- Opening Delimiter -

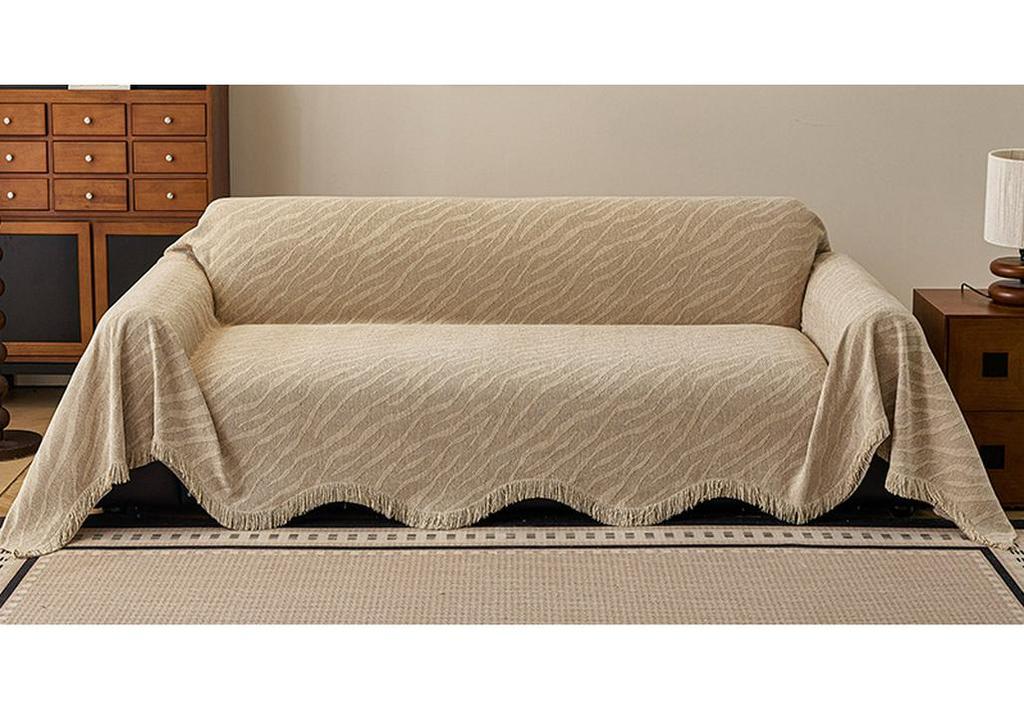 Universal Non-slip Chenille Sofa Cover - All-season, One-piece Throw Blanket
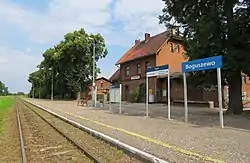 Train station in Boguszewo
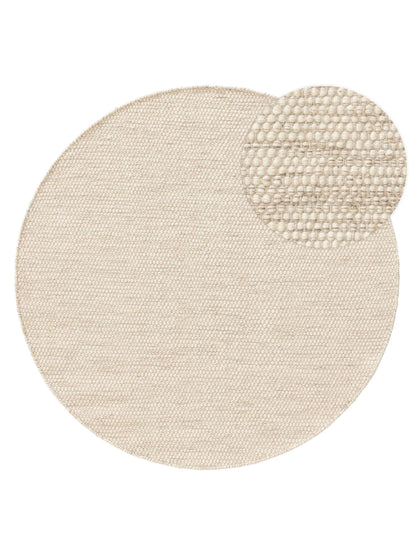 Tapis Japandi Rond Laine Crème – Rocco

- Closing Delimiter -
- Opening Delimiter -

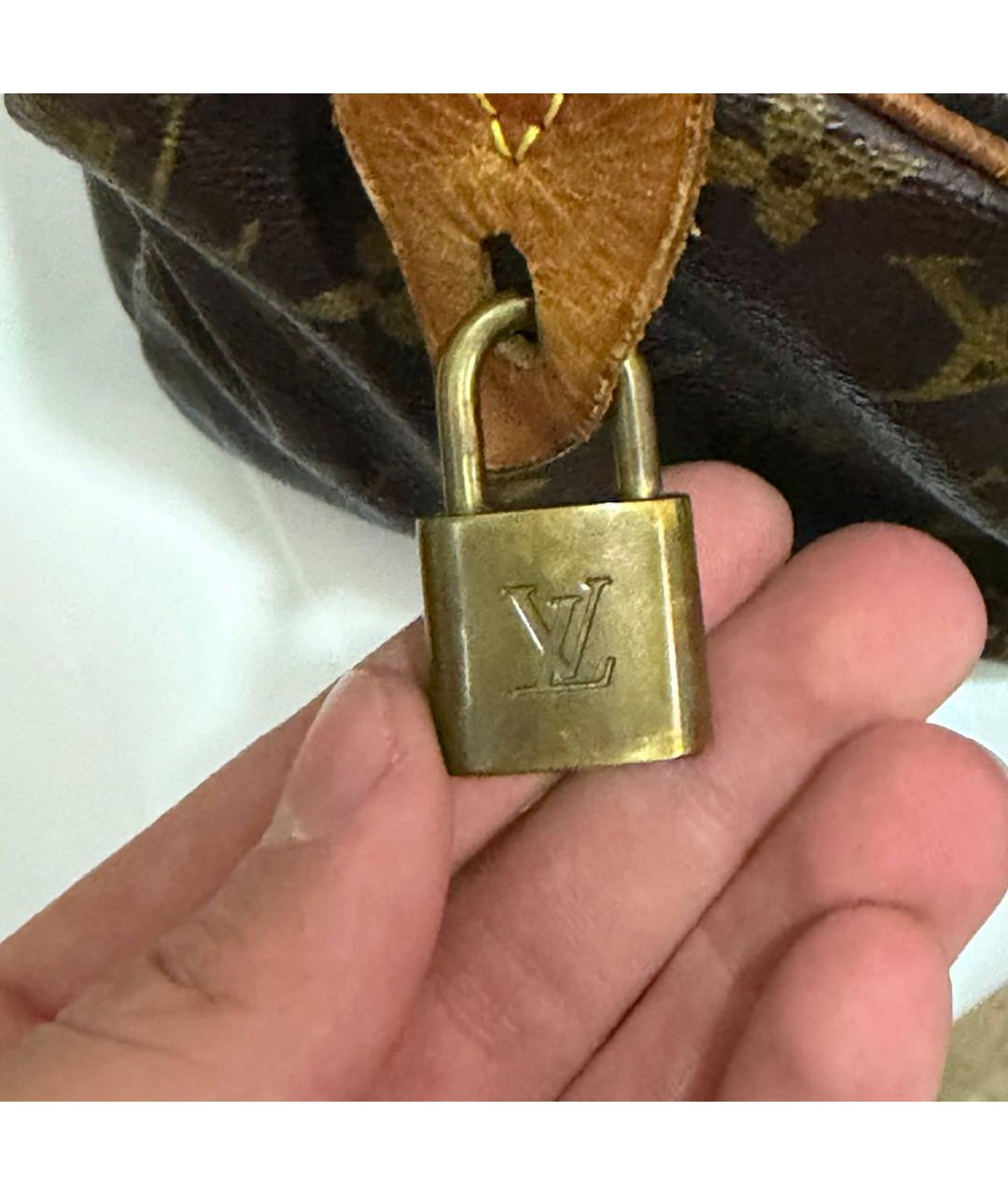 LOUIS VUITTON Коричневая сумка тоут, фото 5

- Closing Delimiter -
- Opening Delimiter -

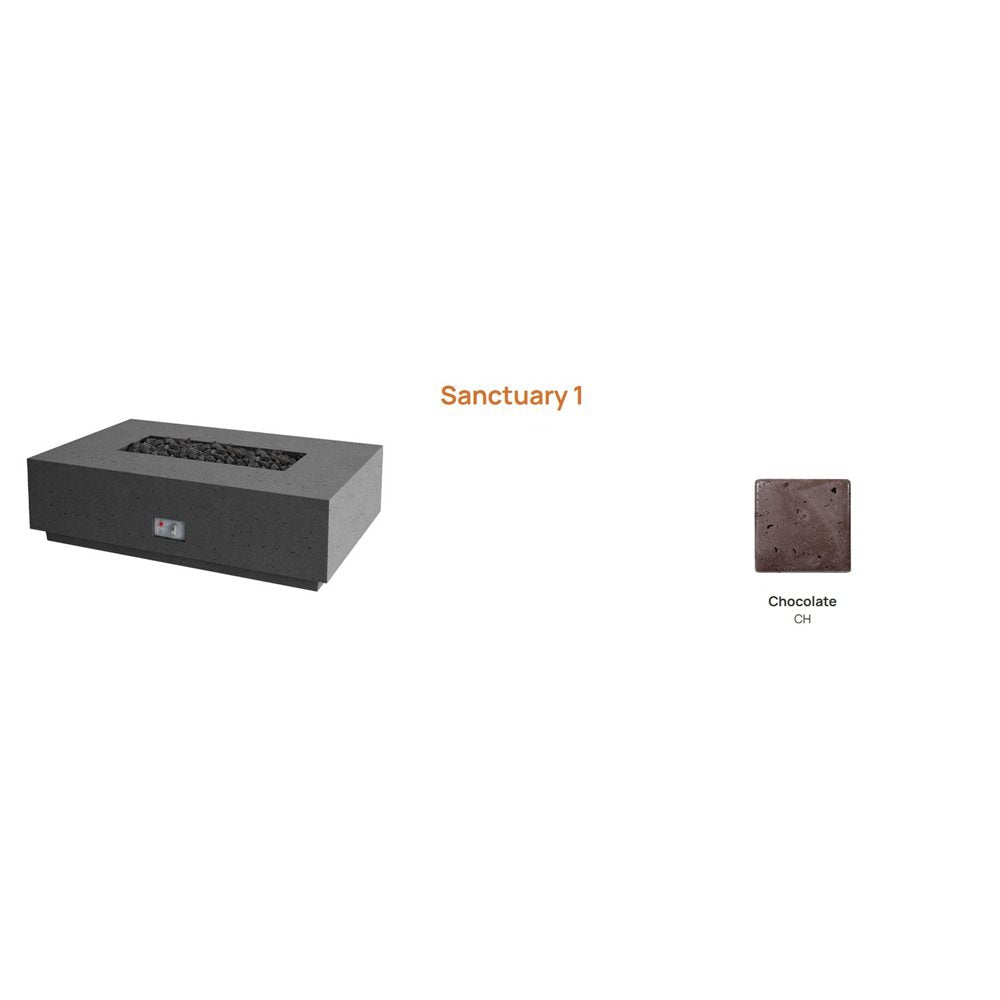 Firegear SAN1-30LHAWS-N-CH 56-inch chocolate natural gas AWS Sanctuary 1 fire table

- Closing Delimiter -

#### [What to work on]
No picture is to be printed. Output exactly the lines above from the line containing "Train station in Boguszewo" through the line containing "Tapis Japandi Rond Laine Crème – Rocco".

#### [Final answer]
 Train station in Boguszewo
 Tapis Japandi Rond Laine Crème – Rocco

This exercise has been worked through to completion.